“Is – is he a man?” asked Lucy.
“Aslan a man!” said Mr. Beaver sternly. “Certainly not. I tell you he is the King of the wood and the son of the great Emperor-Beyond-the Sea. Don’t you know who is the King of Bests? Aslan is a lion – the Lion, the great Lion.”
“Ooh!’ said Susan, “I’d thought he was man. Is he – quite safe? I shall fell rather nervous about meeting a lion.”
“That you will, dearie, and no mistake,” said Mrs. Beaver. “If there’s anyone who can appear before Aslan without their knees knocking, they’re either braver than most or else just silly.”
“Then he isn’t safe?” said Lucy.
“Safe?” said Mr.

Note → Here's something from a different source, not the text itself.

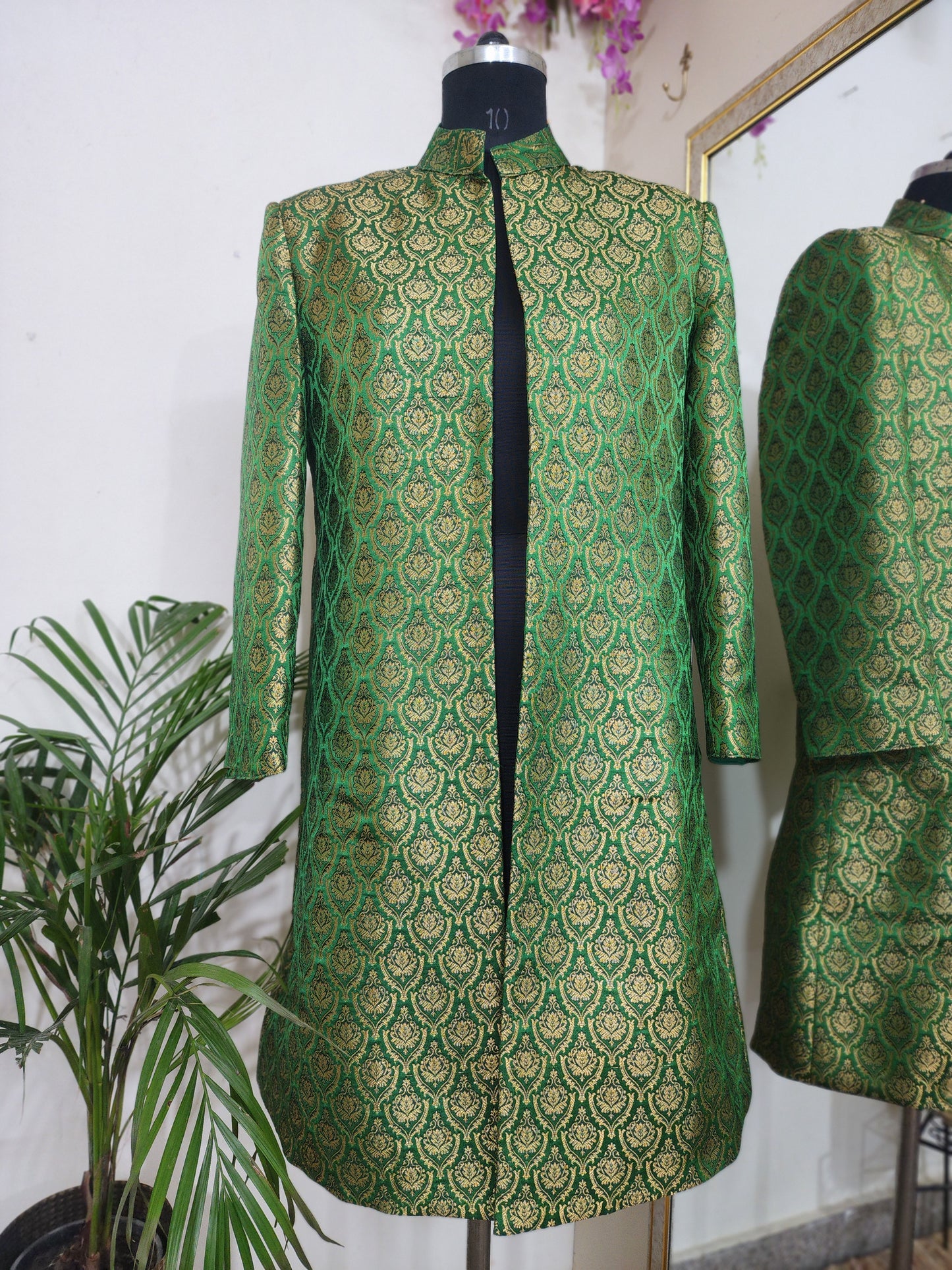 Green with Gold Long Cape Jacket For Women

Beaver. “Don’t you hear what Mrs. Beaver tells you? Who said anything about safe? ‘Course he isn’t safe. But he’s good. He’s the King, I tell you.”

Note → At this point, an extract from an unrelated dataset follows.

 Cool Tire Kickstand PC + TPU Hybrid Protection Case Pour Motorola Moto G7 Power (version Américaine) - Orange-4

– from C. S. Lewis’s The Lion, the Witch an the Wardrobe
Somewhere along the way church has become boring. I don’t mean (as many in our day seem to) that the church fails to entertain the masses. I think it has always failed to do that. I mean that many churches just don’t have much to offer – it’s uneventful, bland, another empty shell full of powerful memories but nothing more. People go to church because it’s what their supposed to do or they’re looking for their next emotional experience. Though they would never say so themselves they know that church is boring. It is either boring and has accepted the fact or boring and trying to entertain to cover the fact up.

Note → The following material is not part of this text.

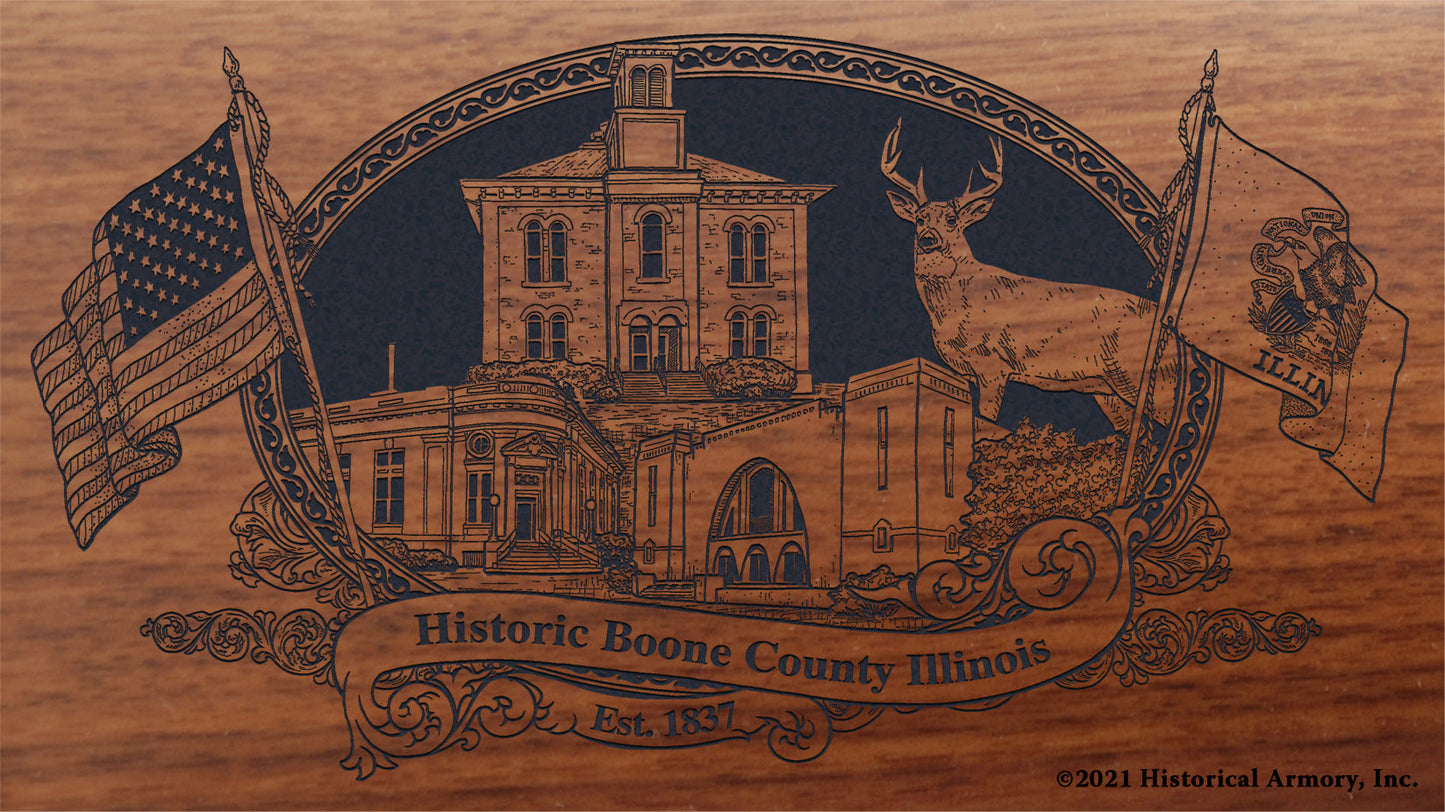 Engraved artwork | History of Boone County Illinois | Historical Armory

I think that the at the root of the boring church is the doctrine of God himself – the boring church has a pretty good handle on God.
In far too many churches instead of encountering an all powerful electing God that invades our life here and now we are presented with a much safer God. In some homo-erotic loves songs to Jesus fill the air and and God is presented as a domesticated pet. In others lectures that quietly seek to define the undefinable have replaced the proclamation of the Word, making it all so reasonable and comfortable. So the church has becomes a safe and boring place to be.
But in the famous words of Mr. Beaver, “He isn’t safe!” And when an unsafe God gathers his children together to actually come at them in Word and Sacrament it ought to be anything but boring!